» YOUR OBJECTIVE
Word-for-word transcription: reproduce all of the data, but not the pictures.

Saved entries:
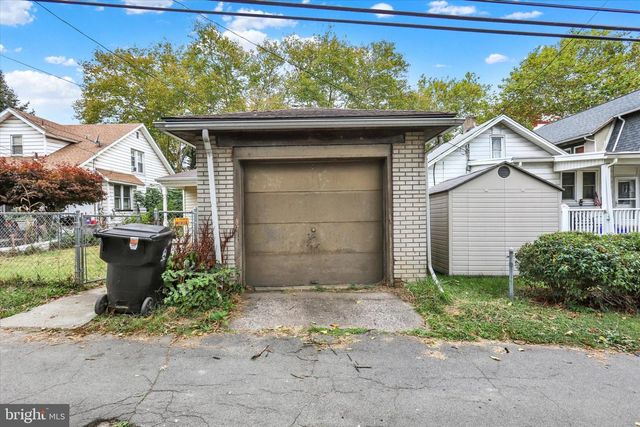 1725 SYCAMORE ST, Harrisburg, PA 17104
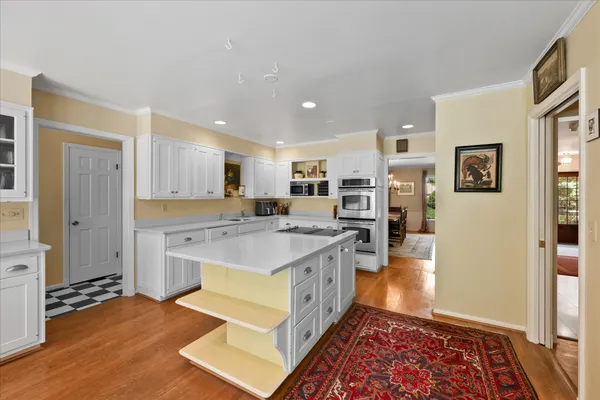 $2,400,000 | 11304 Skipwith Lane, Potomac, MD 20854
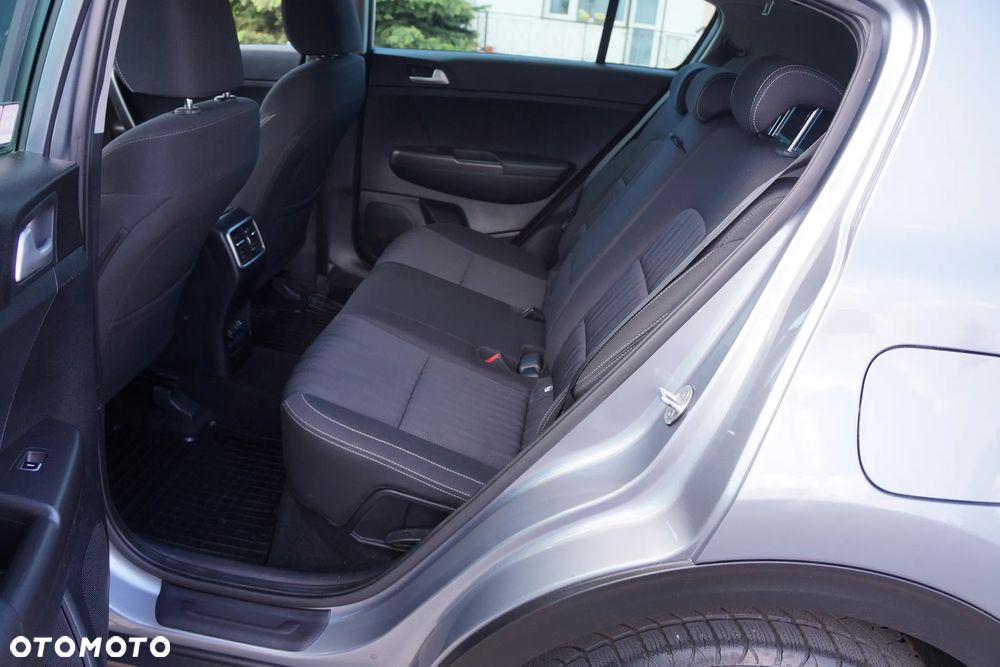 Kia Sportage 1.6 GDI L 2WD - 18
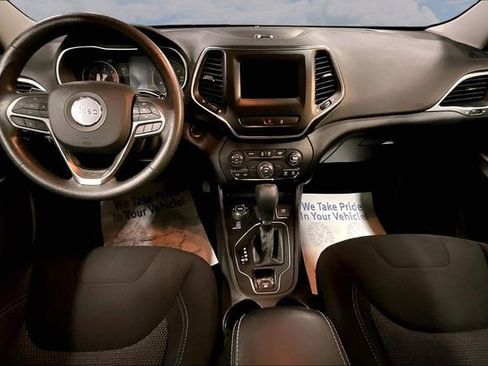 Used 2021 Jeep Cherokee Latitude image 7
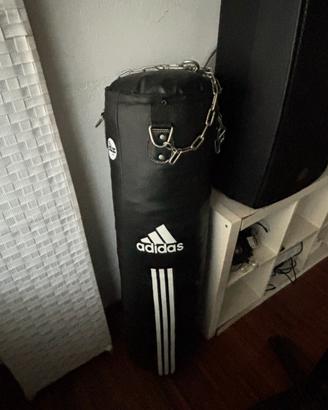 Kit boxe Adidas completo + Supporto da muro.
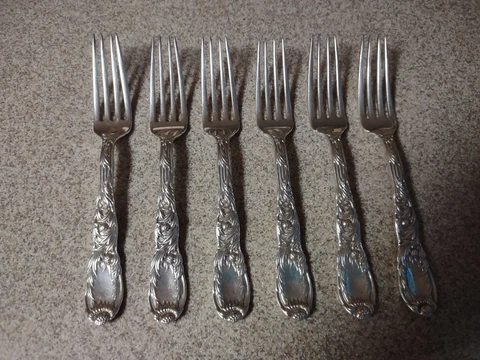 Small set Tiffany "CHRYSANTHEMUM" No Monograms - Beautiful Condition 24 pieces Cover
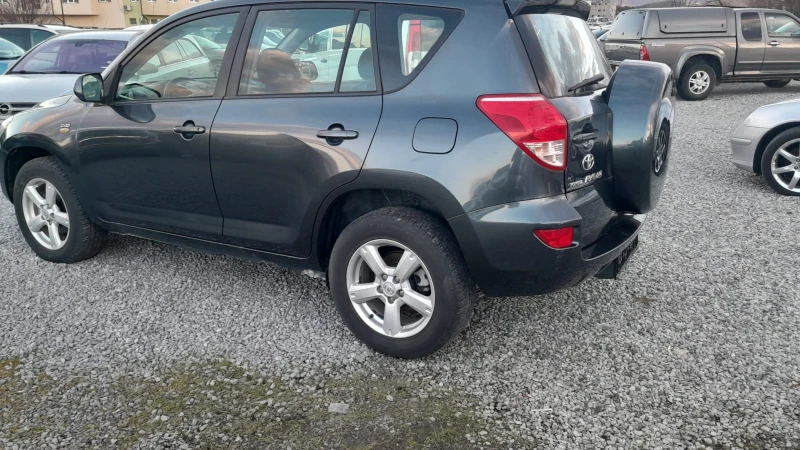 Toyota Rav4 136-2.2, снимка 11 - Автомобили и джипове - 45424807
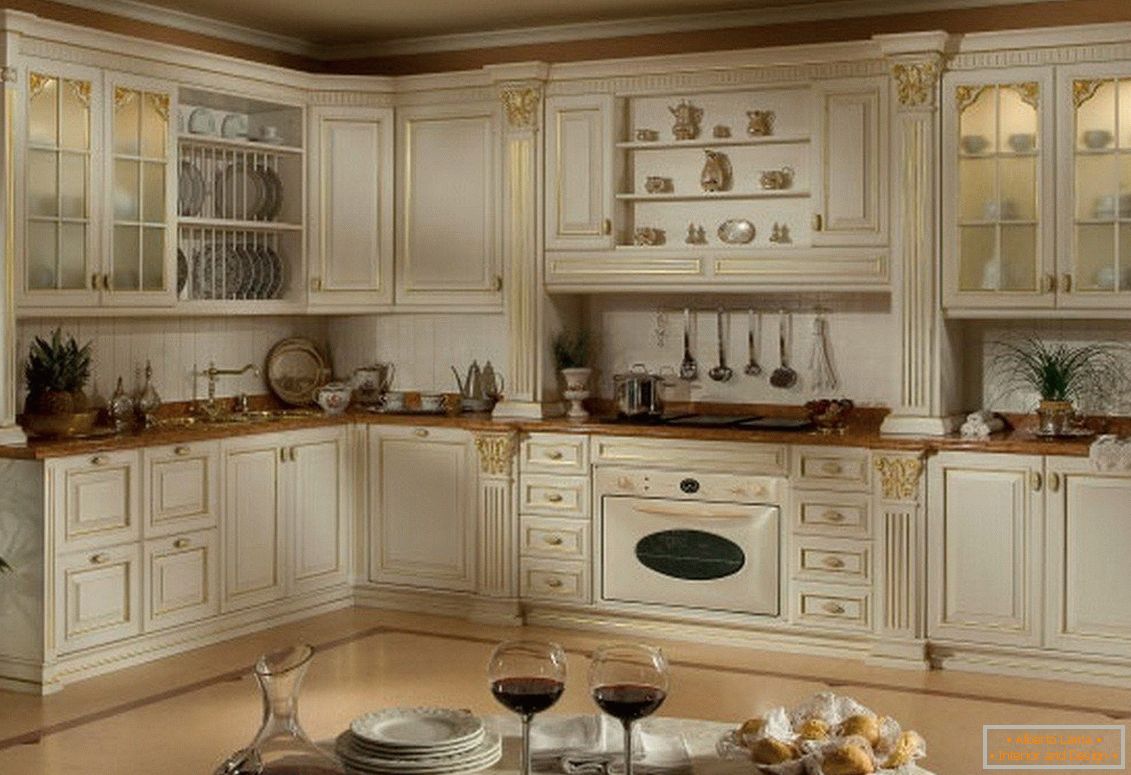 Дизайн класичної кухні в білому кольорі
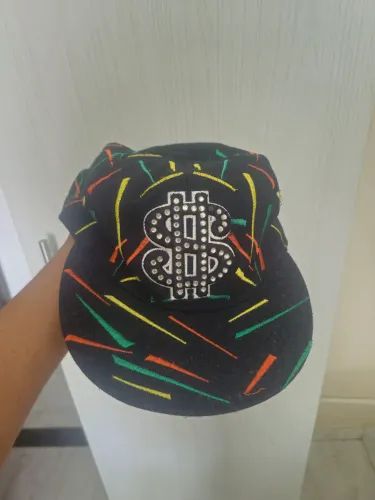 Boné Cifrão Aba Reta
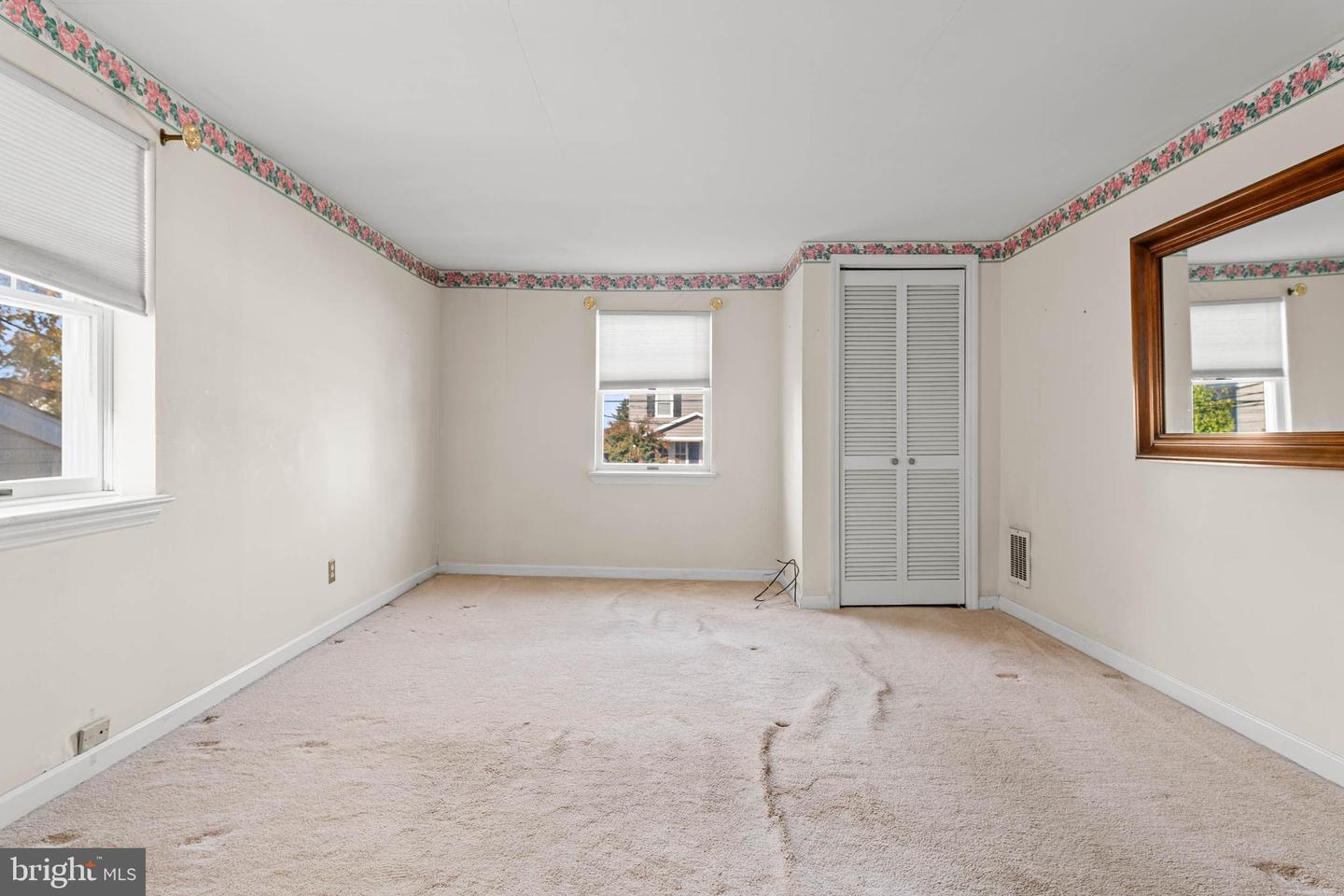 Conshohocken, Pennsylvania, 19428, United States, 4 Bedrooms Bedrooms, ,3 BathroomsBathrooms,Residential,For Sale,2003436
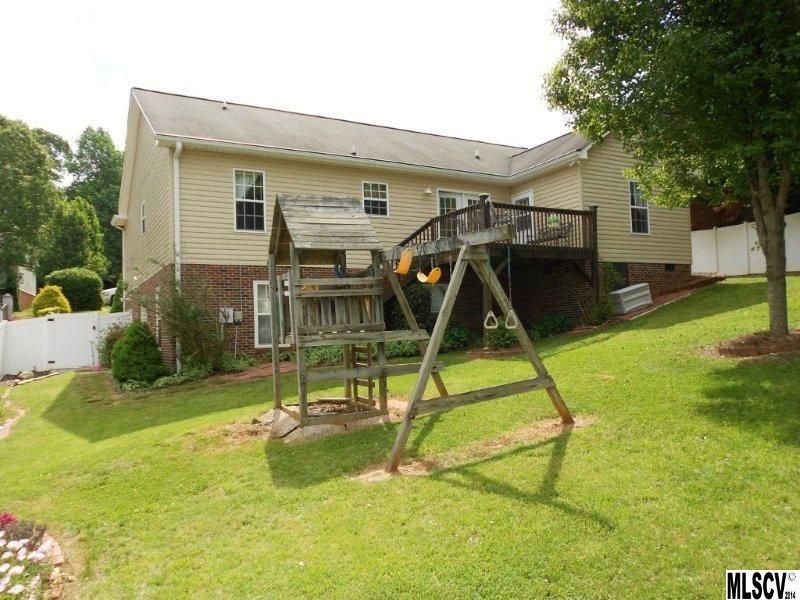 855 Courtyard Dr, Newton, NC 28658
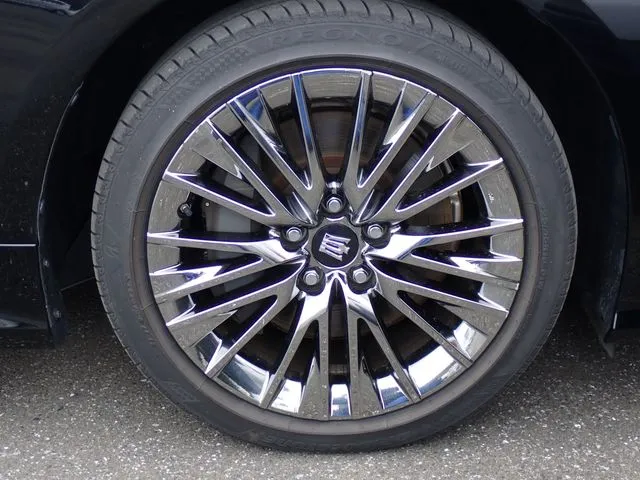 クラウン　セダン　ハイブリッド（トヨタ）の車両写真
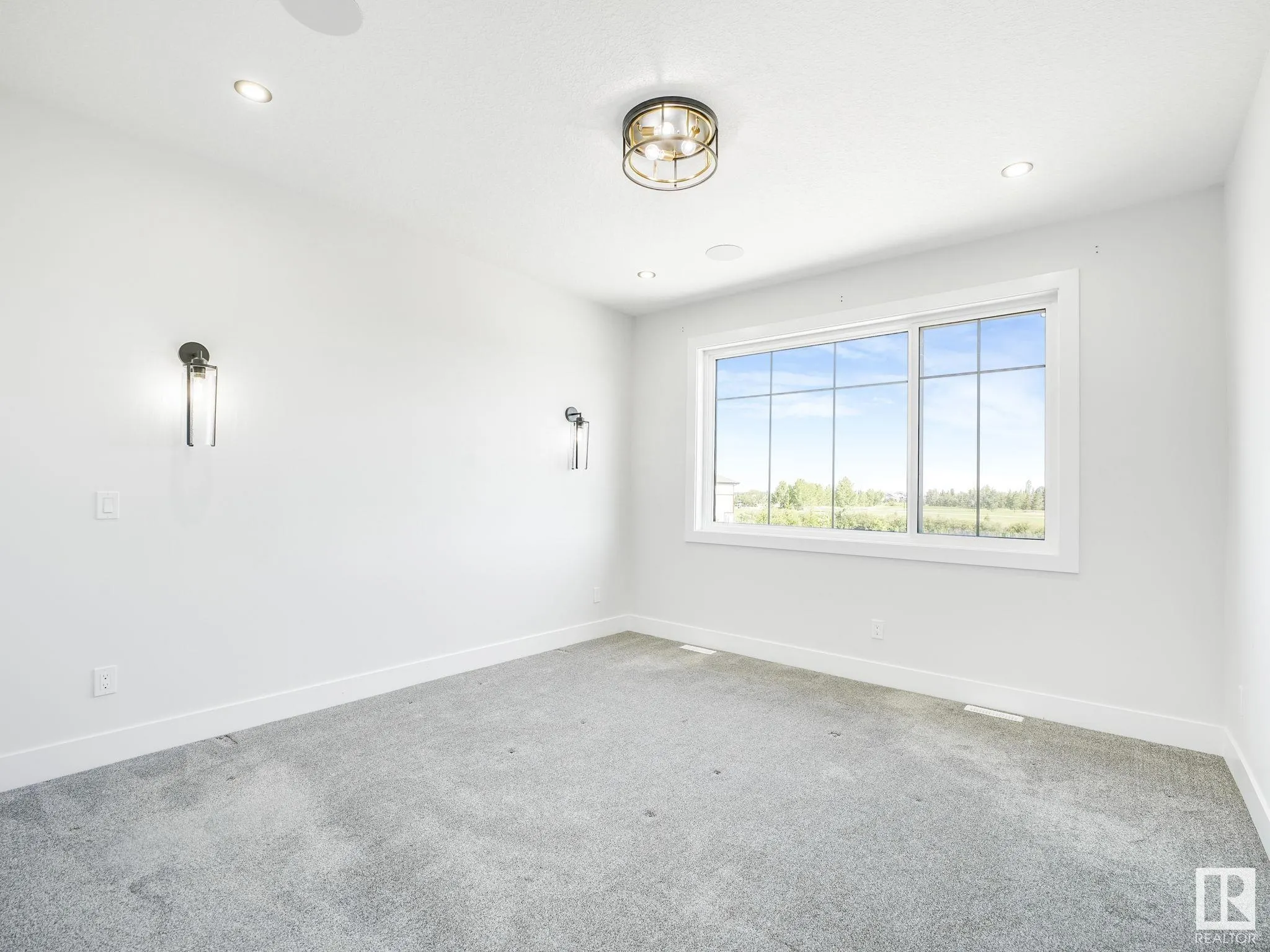 5804 SOLEIL Boulevard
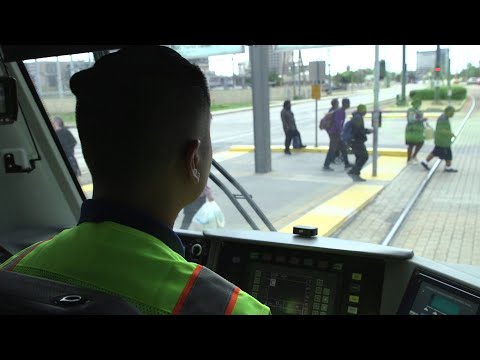 Video: MetroRail Light Rail Օսթինում, Տեխաս
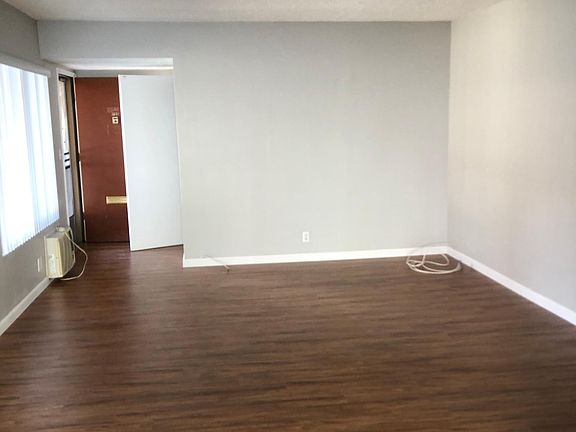 5th image of 427 W Dryden St APT 105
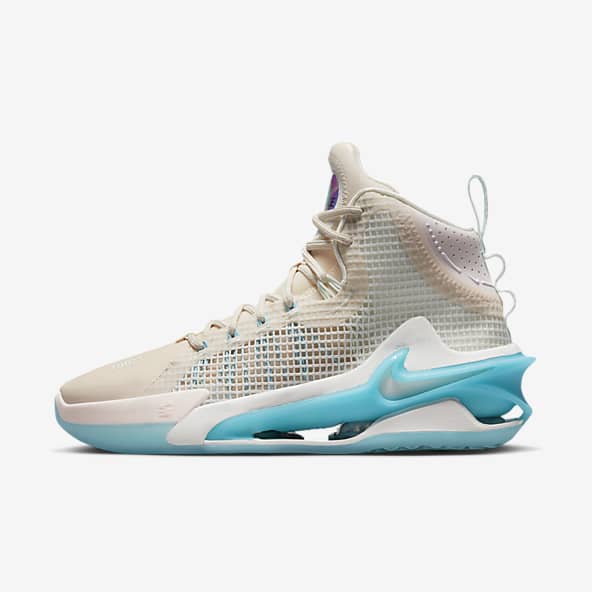 popular female nike shoes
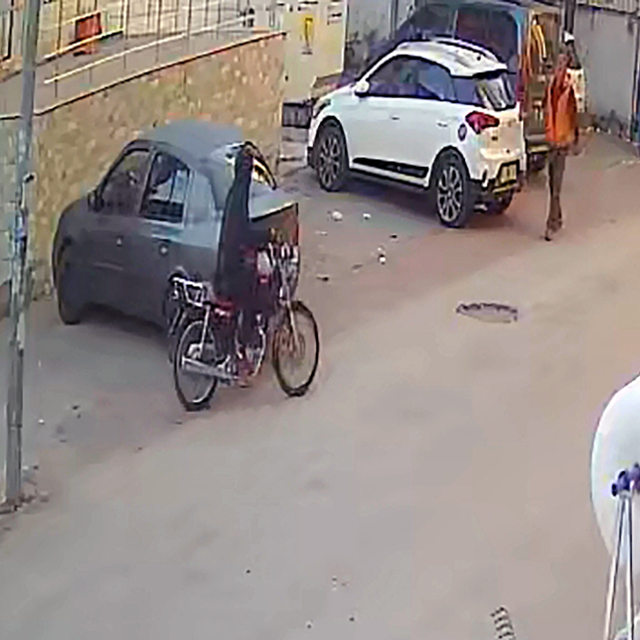 Trafikte cam silip, evine giderken motosiklet çalmış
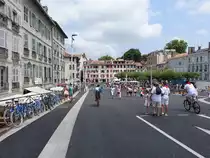Bayonne, Geb�ude am Place de la Republique w�hrend des Volksfestes Fete de Bayonne (26.07.2018)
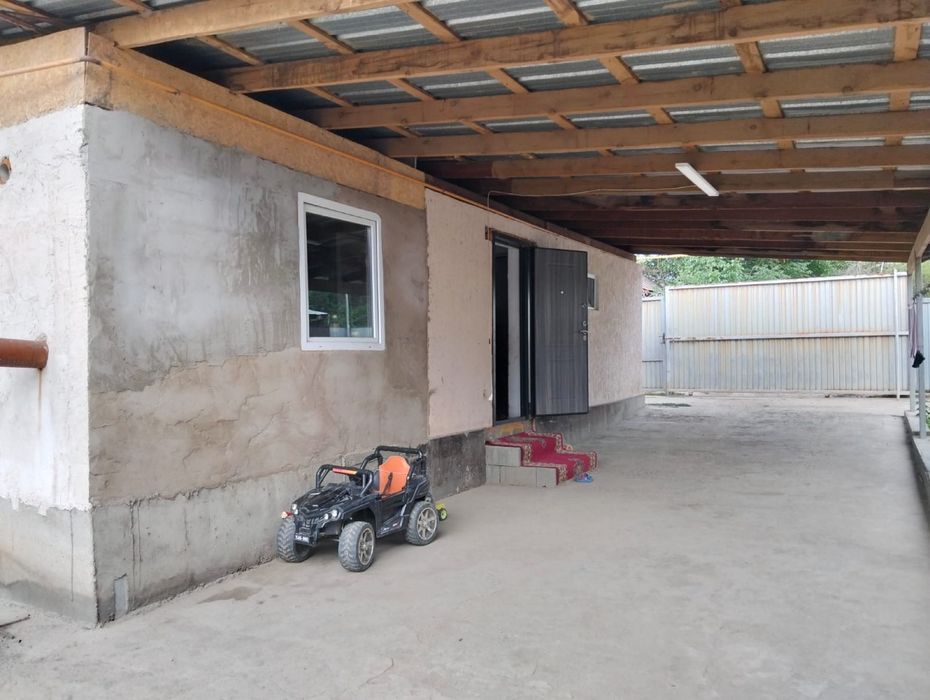 Продам дом на даче кирпичка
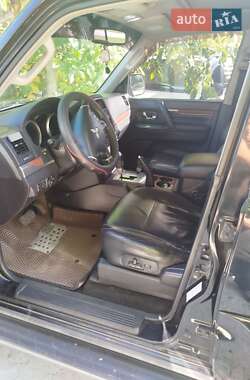 Внедорожник / Кроссовер Mitsubishi Pajero Wagon 2008 в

» EXERCISE SOLUTION
 1725 SYCAMORE ST, Harrisburg, PA 17104
 $2,400,000 | 11304 Skipwith Lane, Potomac, MD 20854
 Kia Sportage 1.6 GDI L 2WD - 18
 Used 2021 Jeep Cherokee Latitude image 7
 Kit boxe Adidas completo + Supporto da muro.
 Small set Tiffany "CHRYSANTHEMUM" No Monograms - Beautiful Condition 24 pieces Cover
 Toyota Rav4 136-2.2, снимка 11 - Автомобили и джипове - 45424807
 Дизайн класичної кухні в білому кольорі
 Boné Cifrão Aba Reta
 Conshohocken, Pennsylvania, 19428, United States, 4 Bedrooms Bedrooms, ,3 BathroomsBathrooms,Residential,For Sale,2003436
 855 Courtyard Dr, Newton, NC 28658
 クラウン　セダン　ハイブリッド（トヨタ）の車両写真
 5804 SOLEIL Boulevard
 Video: MetroRail Light Rail Օսթինում, Տեխաս
 5th image of 427 W Dryden St APT 105
 popular female nike shoes
 Trafikte cam silip, evine giderken motosiklet çalmış
Bayonne, Geb�ude am Place de la Republique w�hrend des Volksfestes Fete de Bayonne (26.07.2018)
 Продам дом на даче кирпичка
 Внедорожник / Кроссовер Mitsubishi Pajero Wagon 2008 в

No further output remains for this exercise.